XIX-wieczne prawo w Polsce blokuje wsie. Dochodzi do paradoksalnych sytuacji

W polskim prawie obowiązują przepisy z połowy XIX wieku. Są nimi wspólnoty gruntowe, których powstanie sięga czasów zaborów, a które mimo dwóch nowelizacji wciąż komplikują rozwój wsi. Związek Gmin Wiejskich RP zamierza apelować do Komisji Wspólnej Rządu i Samorządu Terytorialnego o zmiany legislacyjne dotyczące wspólnot. Ich łączna powierzchnia prawdopodobnie przekracza 100 tys. ha.

Wspólnoty gruntowe ukonstytuowały się w połowie XIX w., kiedy na terenach zaborów znoszono pańszczyznę. Chodzi głównie o zabór rosyjski, gdzie decyzję o uwłaszczeniu chłopów podjęto w 1861 r. W mniejszym stopniu o austriacki, gdzie nadania ziemi rozpoczęły się w 1848 r. Wspólnoty obejmowały przede wszystkim lasy i obszary wodne - nieruchomości używane wspólnie przez całą społeczność wsi.

W Polsce nie ma ich jednolitego rejestru. W 2015 r., podczas prac nad nowelizacją przepisów o wspólnotach szacowano, że jest ich 5100. Większość - 3500 - nie ma uregulowanego stanu prawnego. Zajmowana przez nie powierzchnia może zajmować nawet 107 tys. ha.

Reklama

Jeden staw, 150 właścicieli

Zgodnie z wciąż obowiązującym prawem, członkowie wspólnot mają takie samo prawo do użytkowania należących do nich gruntów, niezależnie od tego, ile danego obszaru gruntu rolnego im przypadło. Sprawę ustalenia faktycznej liczby właścicieli danych nieruchomości komplikuje zasada dziedziczenia. Została ona zachowana podczas nowelizacji przepisów, w przyjętej w 1963 r. ustawie o zagospodarowaniu wspólnot gruntowych. Wprowadzono wówczas możliwość powołania spółki do zarządzania wspólnotą - będącej osobą prawną, zarejestrowaną w starostwie powiatowym. 

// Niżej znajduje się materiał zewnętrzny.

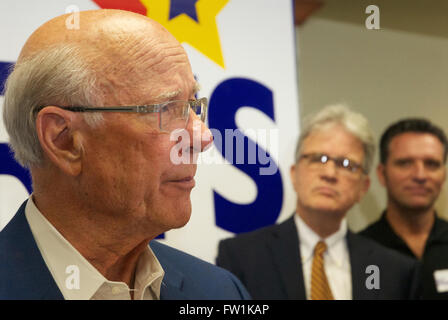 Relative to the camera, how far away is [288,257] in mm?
1332

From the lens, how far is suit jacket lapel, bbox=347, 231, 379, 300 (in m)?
1.29

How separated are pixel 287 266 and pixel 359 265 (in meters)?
0.19

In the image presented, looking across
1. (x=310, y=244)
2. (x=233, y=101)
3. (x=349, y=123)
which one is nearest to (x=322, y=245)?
(x=310, y=244)

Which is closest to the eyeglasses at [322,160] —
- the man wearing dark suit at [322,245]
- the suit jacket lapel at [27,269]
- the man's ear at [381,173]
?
the man wearing dark suit at [322,245]

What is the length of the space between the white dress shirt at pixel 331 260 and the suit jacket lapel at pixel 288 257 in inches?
0.5

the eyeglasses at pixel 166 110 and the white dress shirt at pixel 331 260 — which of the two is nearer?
the eyeglasses at pixel 166 110

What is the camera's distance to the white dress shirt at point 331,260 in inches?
51.8

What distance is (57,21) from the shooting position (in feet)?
2.94

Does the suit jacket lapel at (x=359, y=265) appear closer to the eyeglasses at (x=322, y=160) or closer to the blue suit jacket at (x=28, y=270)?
the eyeglasses at (x=322, y=160) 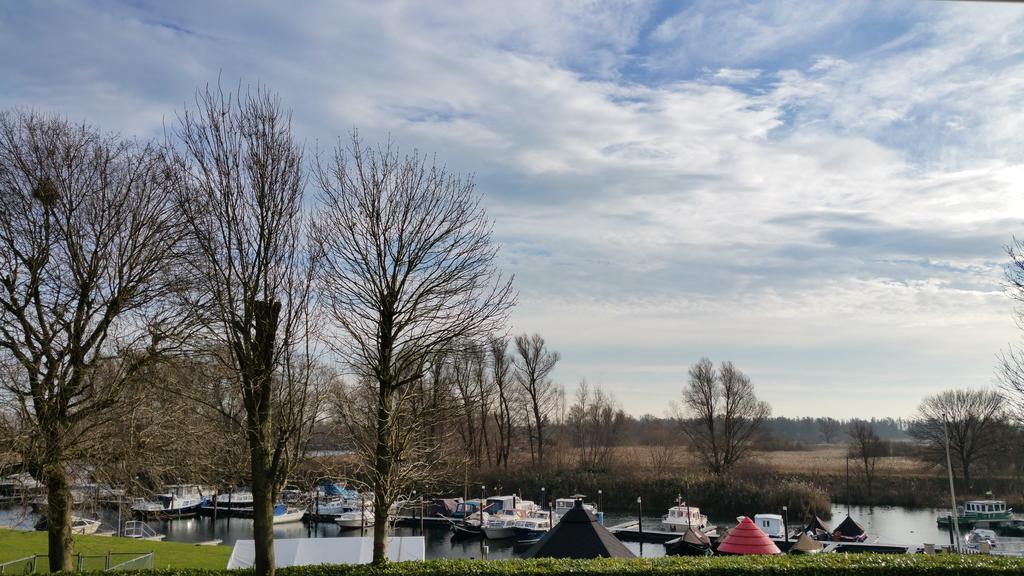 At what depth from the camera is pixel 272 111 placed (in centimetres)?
1154

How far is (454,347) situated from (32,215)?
8.49m

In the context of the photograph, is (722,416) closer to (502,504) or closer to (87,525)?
(502,504)

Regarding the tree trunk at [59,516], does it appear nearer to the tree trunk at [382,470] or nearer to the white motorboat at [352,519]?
the tree trunk at [382,470]

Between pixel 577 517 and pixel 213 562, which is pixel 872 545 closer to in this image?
pixel 577 517

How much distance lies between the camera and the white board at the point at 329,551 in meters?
17.2

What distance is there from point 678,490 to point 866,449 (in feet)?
53.9

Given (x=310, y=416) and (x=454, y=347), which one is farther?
(x=454, y=347)

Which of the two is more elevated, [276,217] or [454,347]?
[276,217]

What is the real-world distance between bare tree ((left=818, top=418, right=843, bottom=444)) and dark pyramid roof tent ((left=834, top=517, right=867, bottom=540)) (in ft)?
347

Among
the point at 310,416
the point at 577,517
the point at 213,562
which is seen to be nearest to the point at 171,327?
the point at 310,416

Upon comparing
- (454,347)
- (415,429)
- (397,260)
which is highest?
(397,260)

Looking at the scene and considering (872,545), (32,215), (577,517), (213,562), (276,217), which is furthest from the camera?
(872,545)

Przez archaiczne prawo dochodzi do paradoksalnych sytuacji. - Mamy na swoim terenie zbiornik wodny, staw dla którego w przeszłości planowano funkcje przeciwpowodziowe. Teraz wydaje się mieć duży potencjał rekreacyjny. Nie jesteśmy jednak w stanie uregulować jego stanu prawnego, bo leży w obrębie wspólnoty gruntowej - PortalSamorzadowy.pl cytuje Mateusza Kurkowskiego, wiceprzewodniczącego rady gminy Rędziny (woj. śląskie). 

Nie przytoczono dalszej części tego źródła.